Um homem comum comete um assassinato – à luz do dia e à vista de todos – sem motivo aparente. É preso, julgado e condenado à morte. Fim da história.
O Estrangeiro (1942), de Albert Camus, é um livro curto, direto e enigmático. Apesar disso, ou por causa disso, tornou-se um dos clássicos da língua francesa mais lidos e vendidos até hoje. A trama é enganosamente simples. Na primeira metade do livro, o personagem principal, Meursault, narra sem paixão sua vida banal: a morte da mãe, a relação com a namorada, as conversas com os amigos, a interação com o chefe. Acontecimentos aleatórios desembocam na cena em que ele se encontra com uma arma na mão diante do homem que irá matar. Na segunda parte, enquanto aguarda a execução, é visitado por um capelão, nega o consolo da religião e prepara-se para morrer.

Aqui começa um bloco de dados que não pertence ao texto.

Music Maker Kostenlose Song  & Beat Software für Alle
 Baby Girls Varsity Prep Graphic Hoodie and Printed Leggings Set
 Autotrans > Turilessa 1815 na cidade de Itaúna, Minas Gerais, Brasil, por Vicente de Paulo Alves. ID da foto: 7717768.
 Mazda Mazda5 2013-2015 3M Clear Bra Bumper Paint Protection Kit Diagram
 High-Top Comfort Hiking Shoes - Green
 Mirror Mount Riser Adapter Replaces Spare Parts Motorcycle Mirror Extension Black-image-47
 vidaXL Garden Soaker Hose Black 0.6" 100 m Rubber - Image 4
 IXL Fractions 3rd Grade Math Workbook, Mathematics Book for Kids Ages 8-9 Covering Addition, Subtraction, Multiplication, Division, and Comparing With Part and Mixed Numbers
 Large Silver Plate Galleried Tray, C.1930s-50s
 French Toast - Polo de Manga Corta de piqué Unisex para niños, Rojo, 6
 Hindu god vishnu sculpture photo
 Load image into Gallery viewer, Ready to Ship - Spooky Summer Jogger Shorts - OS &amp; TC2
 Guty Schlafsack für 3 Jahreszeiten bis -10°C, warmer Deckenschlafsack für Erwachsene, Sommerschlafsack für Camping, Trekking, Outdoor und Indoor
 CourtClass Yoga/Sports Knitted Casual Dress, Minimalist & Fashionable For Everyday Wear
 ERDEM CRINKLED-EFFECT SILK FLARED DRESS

Jean-Paul Sartre, um dos primeiros e mais entusiasmados leitores do livro, considera o romance uma espécie de ilustração ficcional do ensaio O Mito de Sísifo, em que Camus discorre sobre o “absurdo” da condição humana: 1) queremos entender como tudo funciona, mas somos incapazes de apreender mais do que uma pequena fatia da realidade; 2) queremos viver para sempre, mas sabemos que é impossível. Tocar a vida, sabendo como tudo vai acabar, é como empurrar uma pedra montanha acima e vê-la rolar de novo para o chão logo em seguida. Decidir se esse esforço vale a pena (ou não) é o que cada um deve responder para si mesmo todos os dias de manhã.
A leitura filosófica do romance pode ser a mais próxima do projeto original do escritor, mas duvido que seja a mais comum. A maioria dos leitores termina o livro se perguntando por que diabos Meursault decidiu matar aquele árabe na praia e se foi justa ou não sua sentença de morte. Racionalmente, sabemos que o narrador cometeu um crime e merece ser punido, mas a razão não nos impede de torcer para que ele escape da guilhotina. Ao nos contar a história desde a perspectiva íntima de Meursault, o autor nos revela nuanças que nenhum tribunal levaria em conta. Sem perceber, acabamos torcendo pelo assassino.
Mas e se a história fosse contada de outro ponto de vista? É o que faz o escritor argelino Kamel Daoud em O Caso Meursault, publicado no Brasil em 2016. No livro, o árabe morto por Meursault ganha um nome, Moussa, e sua história é narrada por seu irmão mais novo, Haroun. Além de bela e bem realizada homenagem à obra de Camus, o livro de Daoud nos lembra como o acesso a diferentes pontos de vista pode modificar até mesmo aquela pequena fatia de realidade que acreditamos conhecer bem.